* **Instructions to follow**: Output range, inclusive: from the line containing "MERCEDES BENZ E200 SEDAN AVG" to the line containing "Ünlü Yazarlar Çanakkale". Restate those lines from the data below word for word and only those.

* **Data extract**:
▼
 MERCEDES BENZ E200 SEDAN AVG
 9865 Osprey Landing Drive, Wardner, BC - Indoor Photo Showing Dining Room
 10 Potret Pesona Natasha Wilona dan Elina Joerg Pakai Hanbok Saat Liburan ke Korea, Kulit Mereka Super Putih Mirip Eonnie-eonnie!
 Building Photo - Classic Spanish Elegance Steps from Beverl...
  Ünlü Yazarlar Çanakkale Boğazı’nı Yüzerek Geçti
▲
▼
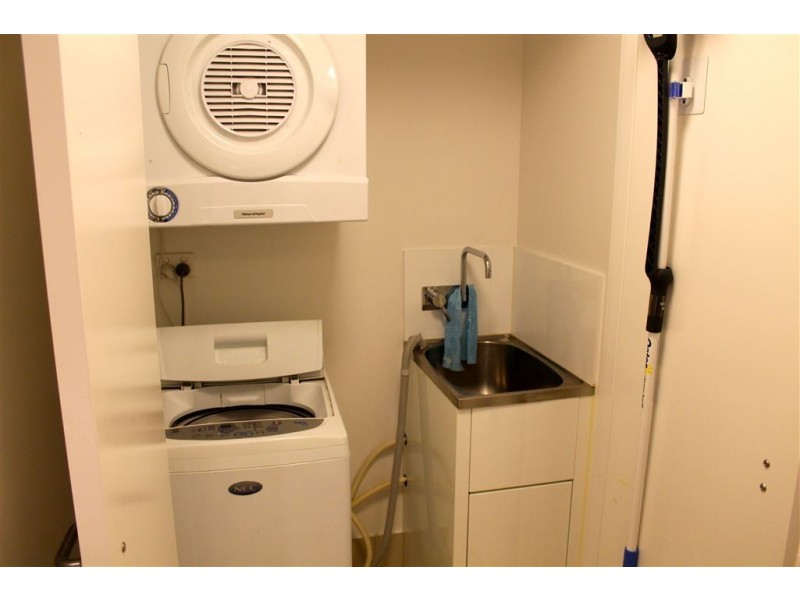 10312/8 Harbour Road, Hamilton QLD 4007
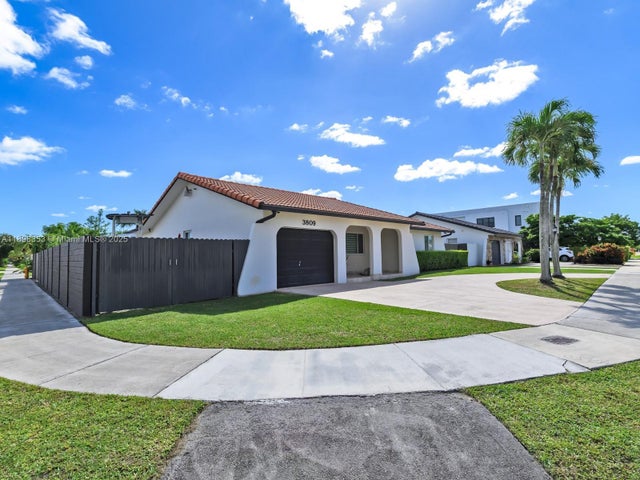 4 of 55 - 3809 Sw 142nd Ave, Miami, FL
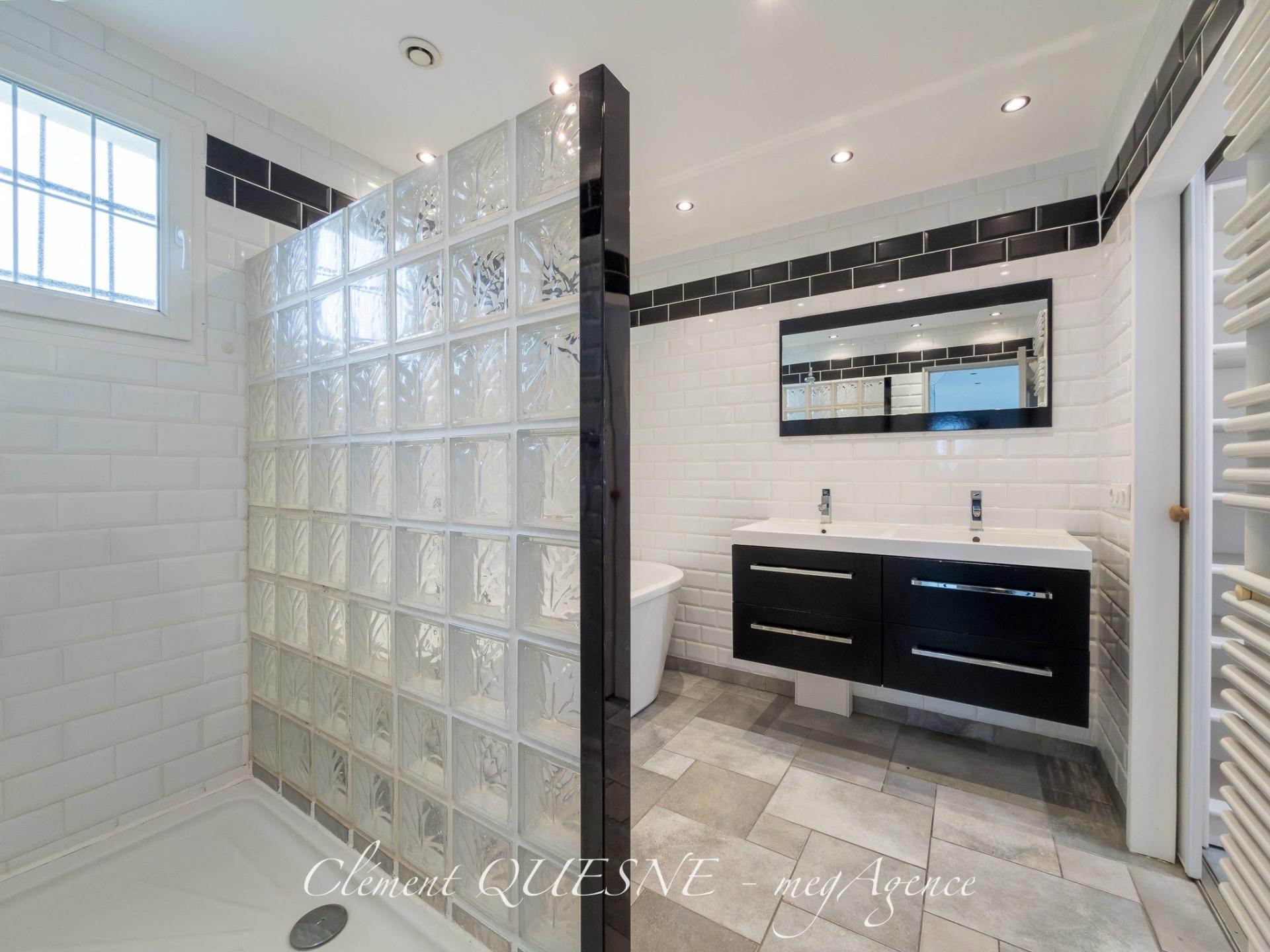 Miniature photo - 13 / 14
▲
* **Exercise output**:
 MERCEDES BENZ E200 SEDAN AVG
 9865 Osprey Landing Drive, Wardner, BC - Indoor Photo Showing Dining Room
 10 Potret Pesona Natasha Wilona dan Elina Joerg Pakai Hanbok Saat Liburan ke Korea, Kulit Mereka Super Putih Mirip Eonnie-eonnie!
 Building Photo - Classic Spanish Elegance Steps from Beverl...
  Ünlü Yazarlar Çanakkale Boğazı’nı Yüzerek Geçti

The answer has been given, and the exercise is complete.